There were gals in the _Crook_ who used to pad their's
from here to here"--(_adds explanatory pantomime._)
_Travelled Man, who has been to Paris._ "These girls can't dance, I
assure you. Now, at the Chatelet they do these things differently."
_Admiring Friend to Travelled Man._ "What spectacles did you see at the
Chatelet?"
_Travelled Man,_ (who was in Paris only two days, and never saw even the
outside of the theatre.) "It was--let me see--Oh! _Moses in Egypt_ was
the name of the piece. It was gorgeous; full of Egyptian scenery, and
Egyptian dancing girls and things."
_Admiring Friend, (with aggravating persistence.)_ "Do you mean
Rossini's _Moses_?"
_Travelled Man, (quite desperate.)_ "Of course! He's the rival of
OFFENBACH, you know. But come, let's go and take something."

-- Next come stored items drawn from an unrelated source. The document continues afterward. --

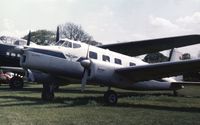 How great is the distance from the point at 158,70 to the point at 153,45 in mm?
14614

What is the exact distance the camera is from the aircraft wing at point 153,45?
26859mm

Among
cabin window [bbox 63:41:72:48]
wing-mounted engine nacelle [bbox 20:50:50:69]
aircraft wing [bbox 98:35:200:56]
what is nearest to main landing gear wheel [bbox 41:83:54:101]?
wing-mounted engine nacelle [bbox 20:50:50:69]

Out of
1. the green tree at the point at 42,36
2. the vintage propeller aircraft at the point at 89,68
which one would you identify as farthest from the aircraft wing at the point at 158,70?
the green tree at the point at 42,36

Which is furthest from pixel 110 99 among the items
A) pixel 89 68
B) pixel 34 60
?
pixel 34 60

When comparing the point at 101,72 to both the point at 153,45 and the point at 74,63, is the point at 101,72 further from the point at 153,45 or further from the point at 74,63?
the point at 153,45

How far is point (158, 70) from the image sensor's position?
47.1ft

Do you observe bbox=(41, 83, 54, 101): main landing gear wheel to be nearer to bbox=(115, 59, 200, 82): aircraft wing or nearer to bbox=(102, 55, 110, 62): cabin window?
bbox=(102, 55, 110, 62): cabin window

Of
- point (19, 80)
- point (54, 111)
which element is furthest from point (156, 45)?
point (54, 111)

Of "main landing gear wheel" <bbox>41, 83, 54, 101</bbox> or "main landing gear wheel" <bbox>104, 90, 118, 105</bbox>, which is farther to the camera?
"main landing gear wheel" <bbox>41, 83, 54, 101</bbox>

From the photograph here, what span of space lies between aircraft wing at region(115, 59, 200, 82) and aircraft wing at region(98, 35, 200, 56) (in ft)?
39.1

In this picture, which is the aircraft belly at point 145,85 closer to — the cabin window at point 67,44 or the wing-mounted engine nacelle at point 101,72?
the wing-mounted engine nacelle at point 101,72

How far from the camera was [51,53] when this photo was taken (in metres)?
14.7

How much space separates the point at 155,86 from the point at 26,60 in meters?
6.12

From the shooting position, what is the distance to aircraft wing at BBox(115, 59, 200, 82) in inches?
537
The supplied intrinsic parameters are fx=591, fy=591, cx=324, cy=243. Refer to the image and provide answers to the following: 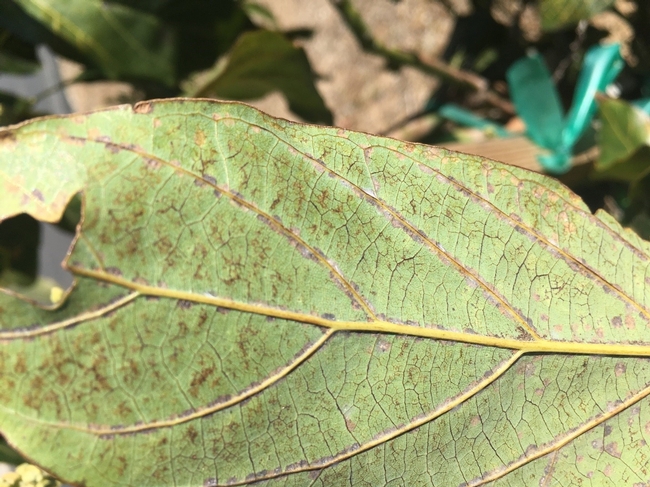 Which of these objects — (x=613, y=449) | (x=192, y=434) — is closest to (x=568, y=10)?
(x=613, y=449)

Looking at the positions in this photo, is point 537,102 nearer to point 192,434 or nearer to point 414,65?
point 414,65

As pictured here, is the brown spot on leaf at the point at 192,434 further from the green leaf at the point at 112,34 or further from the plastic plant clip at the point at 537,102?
the plastic plant clip at the point at 537,102

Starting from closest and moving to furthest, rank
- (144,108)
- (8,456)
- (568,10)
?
(144,108) → (8,456) → (568,10)

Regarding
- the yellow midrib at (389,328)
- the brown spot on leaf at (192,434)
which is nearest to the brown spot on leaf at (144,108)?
the yellow midrib at (389,328)

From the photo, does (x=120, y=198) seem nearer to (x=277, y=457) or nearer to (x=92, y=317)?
(x=92, y=317)

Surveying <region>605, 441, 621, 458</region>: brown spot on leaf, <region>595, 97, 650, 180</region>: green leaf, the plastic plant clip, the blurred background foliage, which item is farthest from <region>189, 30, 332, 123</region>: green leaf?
<region>605, 441, 621, 458</region>: brown spot on leaf

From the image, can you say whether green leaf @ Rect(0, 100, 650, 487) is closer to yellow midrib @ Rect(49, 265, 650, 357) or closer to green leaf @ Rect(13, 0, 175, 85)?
yellow midrib @ Rect(49, 265, 650, 357)

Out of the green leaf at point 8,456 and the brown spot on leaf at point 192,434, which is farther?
the green leaf at point 8,456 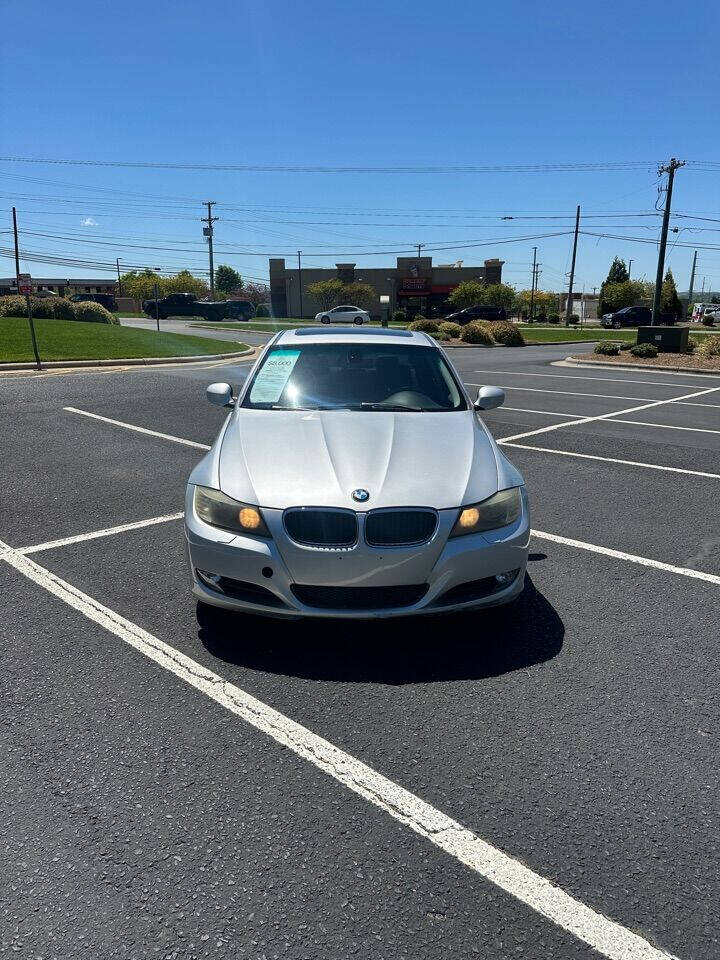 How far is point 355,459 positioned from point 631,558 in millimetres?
2403

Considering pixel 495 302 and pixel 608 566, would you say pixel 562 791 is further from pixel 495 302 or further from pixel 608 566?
pixel 495 302

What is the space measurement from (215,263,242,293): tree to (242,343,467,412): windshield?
452 feet

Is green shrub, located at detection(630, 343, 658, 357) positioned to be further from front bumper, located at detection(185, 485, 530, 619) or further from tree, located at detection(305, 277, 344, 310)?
tree, located at detection(305, 277, 344, 310)

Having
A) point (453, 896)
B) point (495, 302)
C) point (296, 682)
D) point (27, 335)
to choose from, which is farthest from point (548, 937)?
point (495, 302)

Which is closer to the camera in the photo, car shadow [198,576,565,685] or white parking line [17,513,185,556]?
car shadow [198,576,565,685]

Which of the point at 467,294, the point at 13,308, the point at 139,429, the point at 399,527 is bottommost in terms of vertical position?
the point at 139,429

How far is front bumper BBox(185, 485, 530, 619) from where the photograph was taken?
128 inches

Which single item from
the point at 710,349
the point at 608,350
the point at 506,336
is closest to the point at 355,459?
the point at 608,350

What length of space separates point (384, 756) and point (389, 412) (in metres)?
2.34

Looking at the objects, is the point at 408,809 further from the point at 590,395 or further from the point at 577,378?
the point at 577,378

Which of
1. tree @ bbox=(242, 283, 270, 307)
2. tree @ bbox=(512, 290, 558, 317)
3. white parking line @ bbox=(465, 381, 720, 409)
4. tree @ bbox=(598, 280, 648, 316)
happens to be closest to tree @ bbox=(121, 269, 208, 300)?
tree @ bbox=(242, 283, 270, 307)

(_They go, the faith of the Admiring Friend in the Travelled Man's
veracity being, however, perceptibly shaken._)
Three more acts follow. ULRIC makes a dozen wishes, all of which are
gratified, and all of which have the inevitable effect of transporting
him into scenes pervaded by the female leg to an extent that easily
reconciles him to the successive loss of five years of his life. He
finally becomes King of Egypt, and, after having fought against the
Crusaders in defence of those well-known Mohammedan gods, ISIS and
OSIRIS, is carried down a trap by exulting demons. An Intolerable Comic
Man opens up hitherto unknown wastes of dreariness, and sings a comic
song that is positively more tedious than an article from the _Nation_.